Description
Week 9: Lab - Using aRules on the Titanic dataset
[Name]
[Date]
Instructions
Use the Titanic dataset to explore descriptive statistics, functions, and association rules. Download the titanic dataset titanic.raw.rdata
from one of two locations:
- https://github.com/ethen8181/machine-learning/tree/master/association_rule/R
- https://sites.google.com/a/rdatamining.com/www/data/titanic.raw.rdata?attredirects=1
Note that it is not a cvs file, but rather an RData workspace.
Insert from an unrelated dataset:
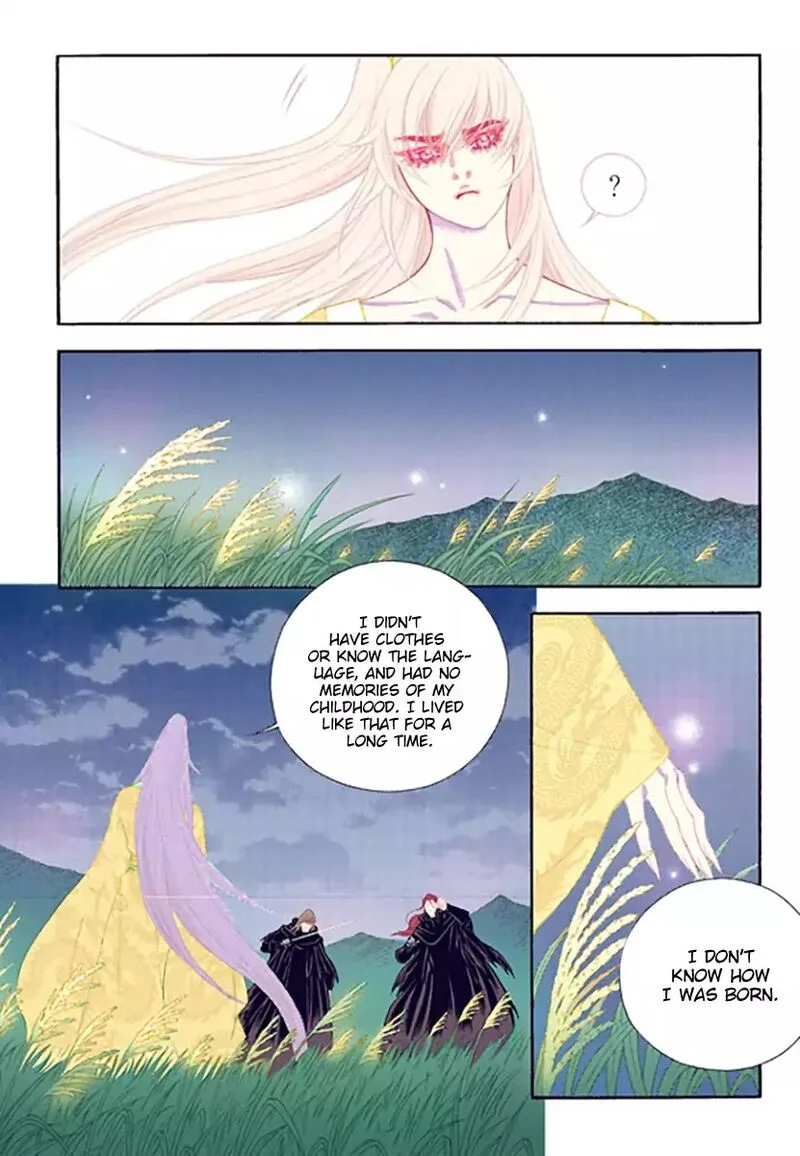 The Scholar Who Walks the Night Chapter 52 page 6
So, to load the data (assuming you saved it to the project’s data folder), one would do:
load("data/titanic.raw.rdata")
You need to look at titanic.raw (the name of the R dataset)
t <- titanic.raw
Now that you have the datafile, do some descriptive statistics, getting some extra practice using R. Take the Quiz for Step 1 and 2. However your submission MUST include the process of you calculating the following values in Step 1 and 2.
# Add your library below.
Step 0 - Load the data
Using the instructions above, load the dataset and save it as t
.
# Write your code below.
Step 1 - Descriptive stats (0.5 point for each answer)
- Compute the percentage of people that survived.
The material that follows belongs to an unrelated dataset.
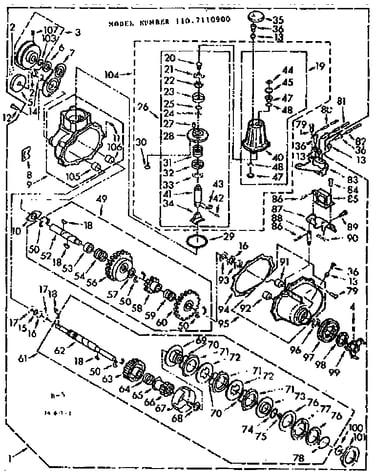 Transmission assembly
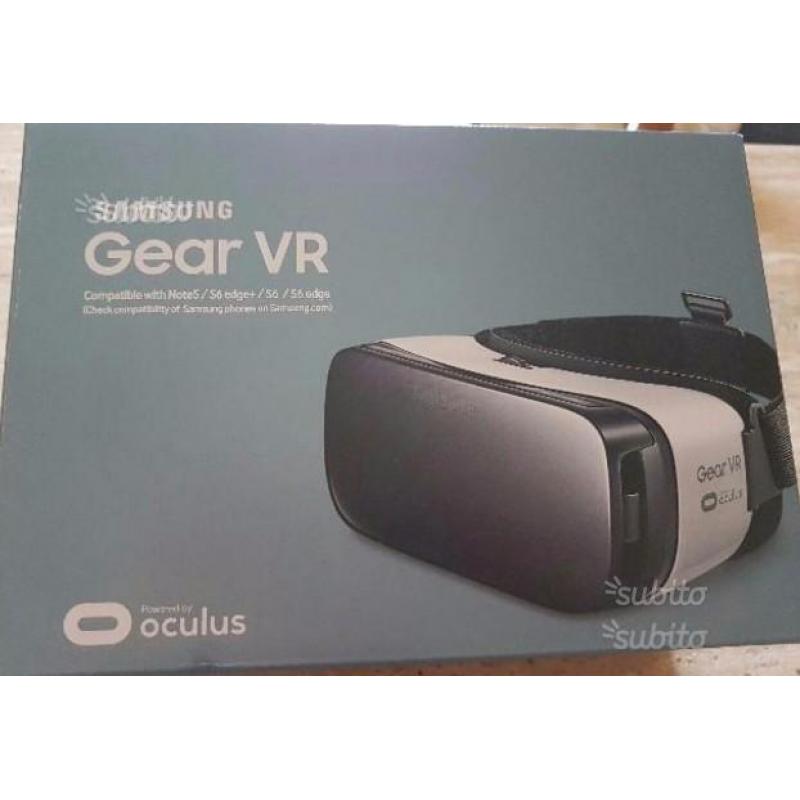 Samsung gear vr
- Compute the percentage of people that were children.
- Compute the percentage of people that were female.
- Finally, compute the percentage of people that were in first class.
# Write your code below.
Step 2 - More descriptive stats (0.5 point for each answer)
- What percentage of children survived? Your answer should be written such as # 13.75% of children survived
- What percentage of female survived?
- What percentage of first-class people survived?
- What percentage of third-class people survived?
# Write your code below.
Step 3 - Writing a function (0.5 point for each answer)
Step 3.1 - Function 1
Write a function that returns a new dataframe of people that satisfies the specified criteria of sex, age, class and survived as parameters. I’m giving you the answer for this question:
myfunction1 <- function(a,b,c,d){
df1 <- t[t$Class == a,] # filter the data that satisfied the criteria that "Class" = a
df2 <- df1[df1$Sex == b,] # filter the data that satisfied the criteria that "Sex" = b
df3 <- df2[df2$Age == c,] # filter the data that satisfied the criteria that "Age" = c
df4 <- df3[df3$Survived == d,] # filter the data that satisfied the criteria that "Survived" = d
return(df4)}
# test the function with a sample data
myfunction1("1st","Female","Adult","No")
# Write your code below.
Step 3.2 - Function 2
Write a function, using the previous function, that calculates the percentage (who lives, who dies) for a specified (parameters) of class, gender and age considering the entire number of data. The function passes four arguments. Include the following code properly in your function by improvising names of objects.
p <- nrow(df)/nrow(t) # calculate the percentage
# Write your code below.
Step 3.3 - Use the function (male)
Use the function to compare age and third-class male survival rates.
# Write your code below.
People in which category are more likely to survive?
[Type your answer here]
Step 3.4 - Use the function (female)
Use the function to compare age and first-class female survival rates.
# Write your code below.
People in which category are more likely to survive?
[Type your answer here]
Step 4 - Use aRules (0.5 point for each answer)
- Use aRules to calculate some rules (clusters) for the titanic dataset.
- Visualize the results.
- Pick the three most interesting and useful rules. Explain these rules using natural language. Answer this in the space provided below.
- How does this compare to the descriptive analysis we did on the same data set? Think critically. What was possible using one method that was not possible using the other method? Answer this in the space provided below.
# Write your code below.
Answer part 3 and 4 below.
[Type your answers here]